How do regulatory T cells influence materno-fetal tolerance?

During pregnancy, the mother is host to a baby of which half the genes are from the father. This means that in effect, the baby acts like a transplanted tissue and can be rejected by the mothers immune system. The reason why this does not normally happen is not known. Our laboratory has recently shown that during pregnancy a special type of immune cell (the regulatory T cell) increases in number and we believe it may prevent rejection of the baby. This study will test the idea that these cells are important in successful pregnancy and find out what happens in women who repeatedly lose pregnancies. If successful, this work will have a major impact on how we treat women who experience recurrent abortion. It will also increase our knowledge of how the immune system functions.

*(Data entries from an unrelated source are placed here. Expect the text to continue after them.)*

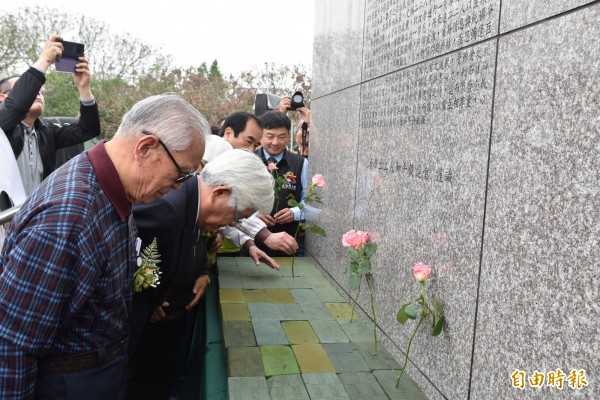 雲林228和平紀念會縣長李進勇與受難者家屬代表及與會者一起在228紀念碑前獻花悼念。（記者黃淑莉攝）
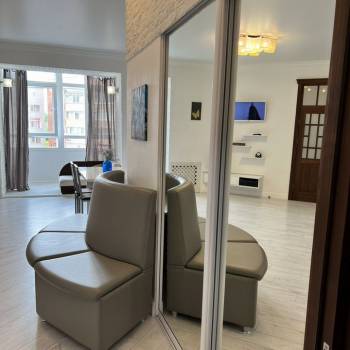 Сдается Многокомнатная квартира, 105 м²
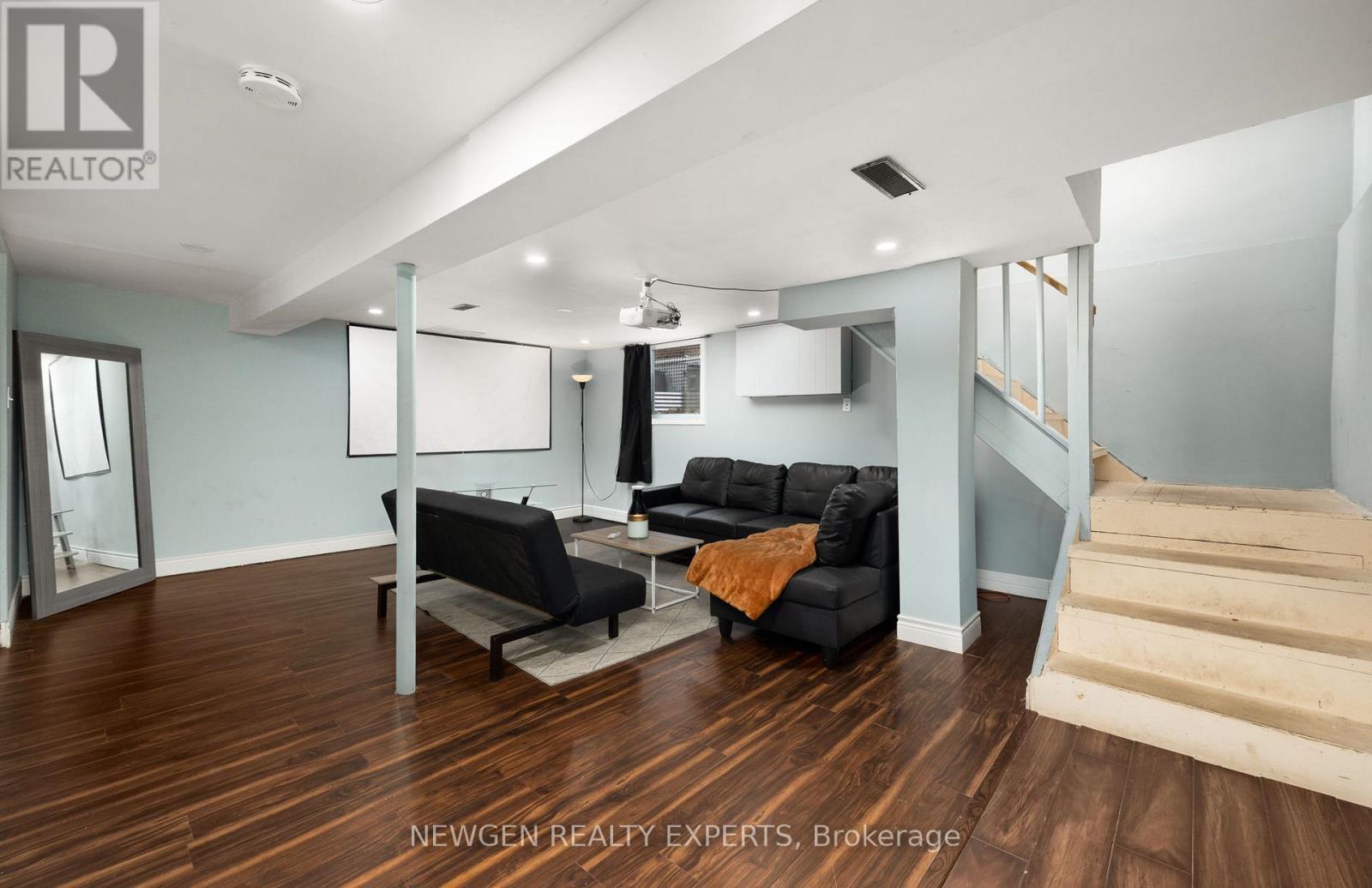 93 Ashbourne Drive, Toronto, Ontario  M9B 4H6 - Photo 35 - W12651132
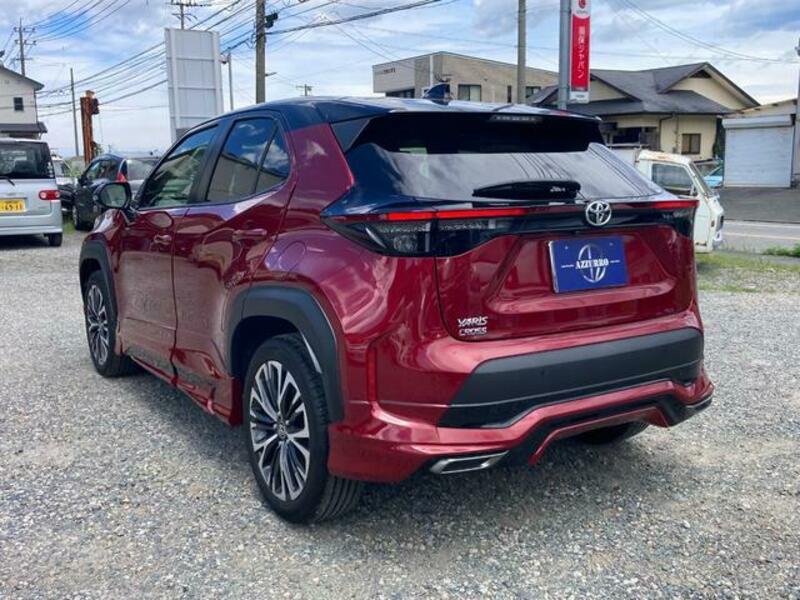 YARIS CROSS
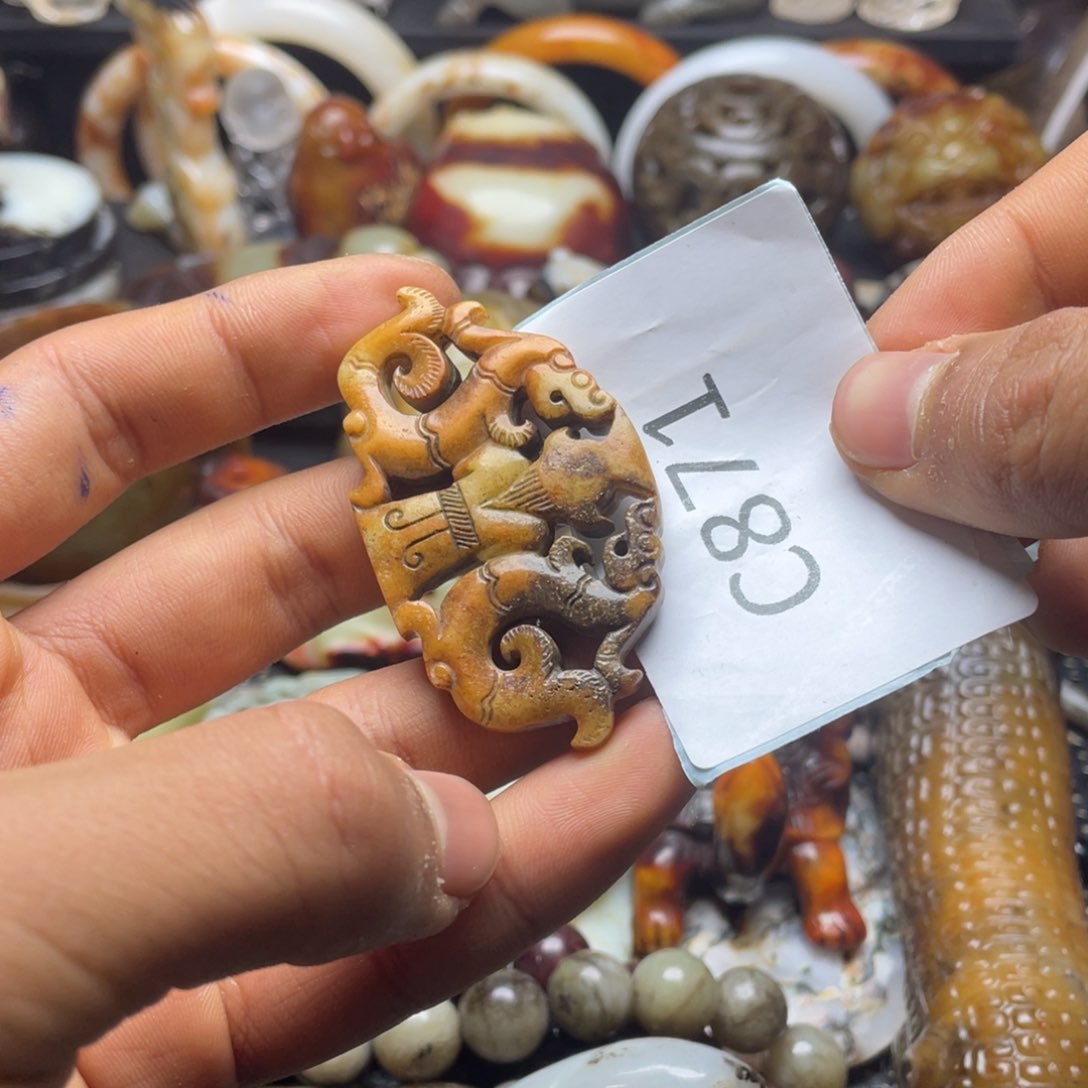 和田玉（糖玉）挂件未镶嵌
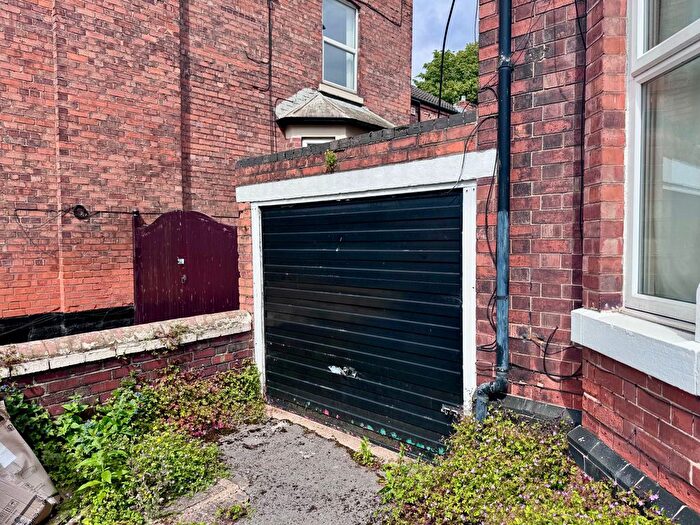 Garage / Parking To Rent In Melton Road, Nottingham, NG2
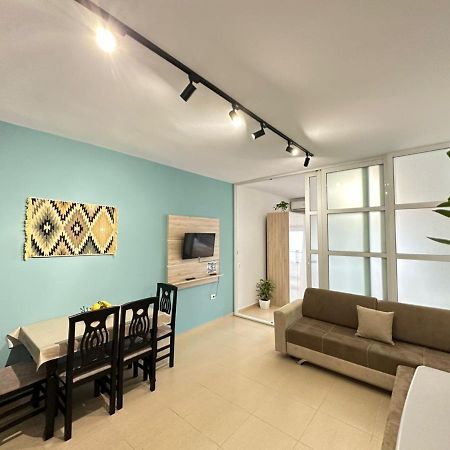 Vlorë Trea Accomodations - On Private Beach With Sunbed & Umbrella מראה חיצוני תמונה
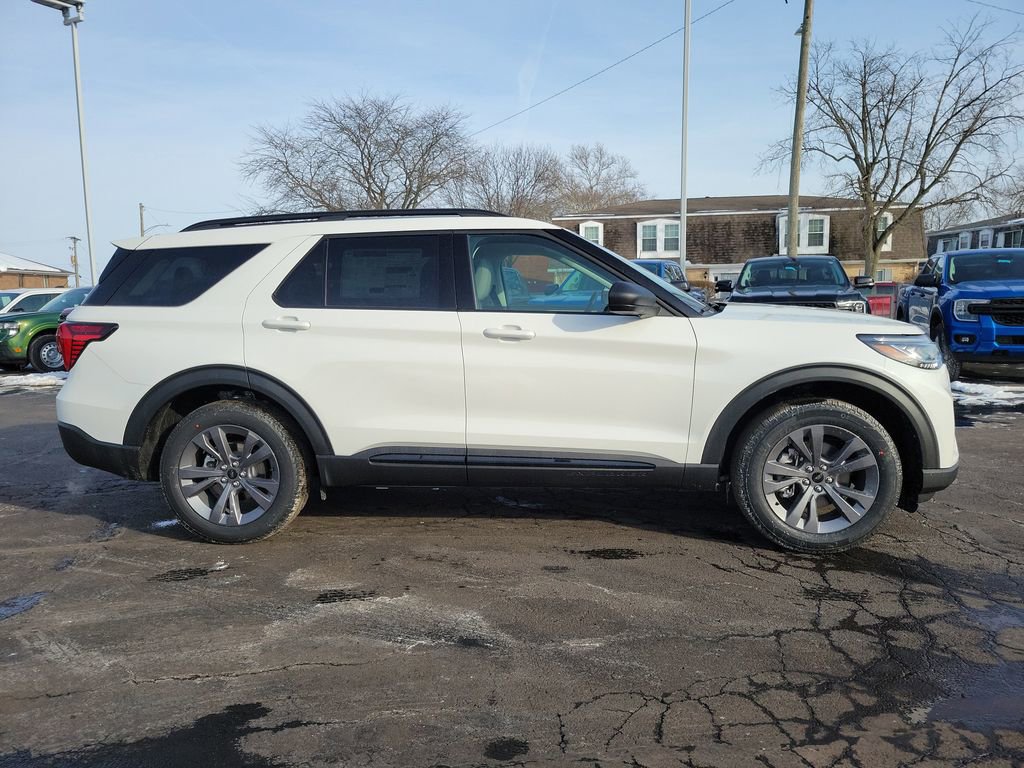 New 2026 Ford Explorer Active w/ Active Comfort Package image 3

Pregnancy is an immunological paradox since many antigens expressed by the fetus are derived from the father and therefore immunologically foreign. In line with other MHC mismatched transplants one might therefore expect fetal rejection, however the immune system has evolved to tolerate the fetus. We have observed that there is an increase in the number of supressive, regulatory T cells (Treg), during human pregnancy which have recently been shown to be essential for fetal tolerance. Using a combination of both human and murine systems we aim to establish the detailed kinetics of Treg changes during pregnancy and identify the mechanism underlying this. The relevance of hormonal influences on Treg behaviour will be assessed. These studies will culminate in testing the hypothesis that Treg are numerically or functionally deficient in women experiencing recurrent abortion.